Finally, FSFN is optimized using L1 loss function, just like in other networks [2, 20, 41]. Given a training set \(\{{I^{i}_{LR},I^{i}_{HR}}\}^{N}_{i=1}\) that has N LR-HR pairs, the loss function of our FSFN network can be expressed as follows:

$$ L(\theta)=\frac{1}{N}\sum\limits_{i=1}^{N}\left|\left|F_{FSFN}(I^{i}_{LR}) - I^{i}_{HR} \right| \right|_{1} $$
(5)

where θ represents the updated parameters in the training process of our model and \(\left |\left |\cdot \right |\right |_{1}\) is the l1 norm.

3.2 Global residual learning module(GRLM)

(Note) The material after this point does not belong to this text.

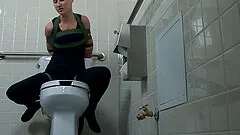 Big booty doll anal getting inserted with toys in BDSM torture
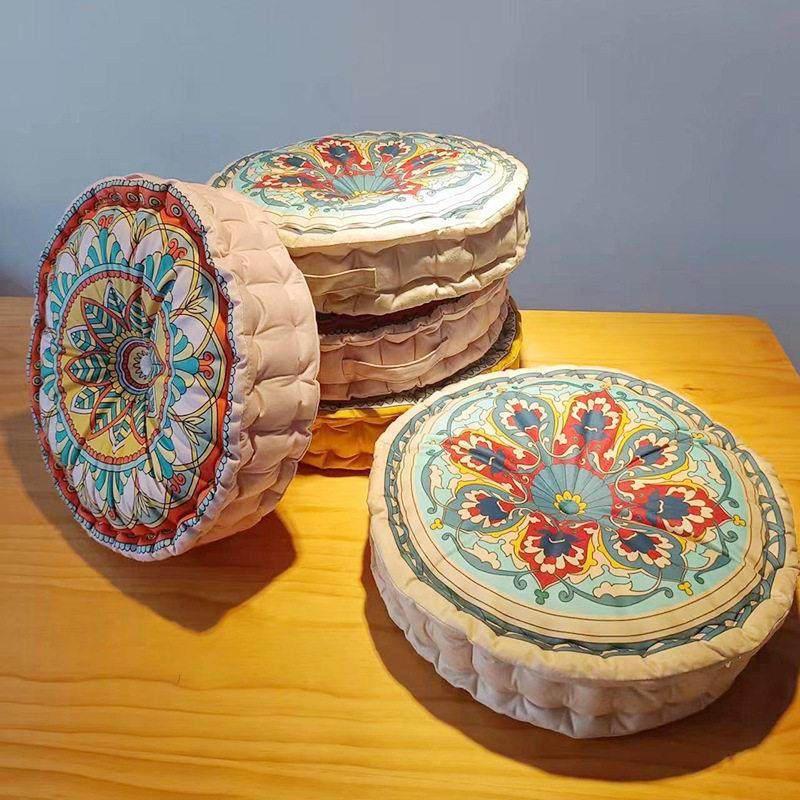 波西米亚风加厚圆形蒲团垫椅子垫子卧室榻榻米飘窗家用地板坐垫,居家布艺,蒲团,淘宝优惠券,粉丝福利购,淘宝优惠卷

In this section, we will describe the core module of the network in detail, which is the global residual learning module referred to as the GRLM (see Fig. 2). The GRLM consists of N feature residual learning modules (FRLM), a convolutional layer, and a long connection. This was inspired by the EDSR [20], which allows the network to centralize the processing of the high frequency parts of the feature. Similar to the RCAN [38], our FRLM module is divided into M feature residual learning modules, a convolutional layer, and a short connection. This enables the shallow feature (sf) extracted by the shallow feature module to be applied at a deeper level. The GRLM module can be described by the following formula:

$$ \begin{aligned} rf = & F_{conv}(ff_{n}) + sf\\ ff_{j} = & F_{FRLM_{j}}(ff_{j-1})\qquad (j = 1,2,...,n)\\ ff_{0} = & F_{FRLM_{0}}(sf) \end{aligned} $$
(6)

In the formula, Fconv(⋅) represents a convolutional layer, rf represents a refined feature, and ffjrepresents the output of the i th feature residual learning module(\( F_{FRLM_{j}}\)), which is defined as the fusion feature. The FRLM can be described as follows:

$$ \begin{aligned} ff_{j+1} =& F_{conv}(f_{m}) + ff_{j}\\ f_{i} =& F_{FSFM_{i}}(f_{i-1})\qquad (i = 1,2,...,m)\\ f_{0} =& F_{FSFM_{0}}(ff_{j}) \end{aligned} $$
(7)

where fi represents the input features of the (i − 1)th feature fusion module(\(F_{FSFM_{i-1}}\)) and the output features of the i th feature fusion module(\(F_{FSFM_{i}}\)). We will discuss the FSFM in more detail in the next section.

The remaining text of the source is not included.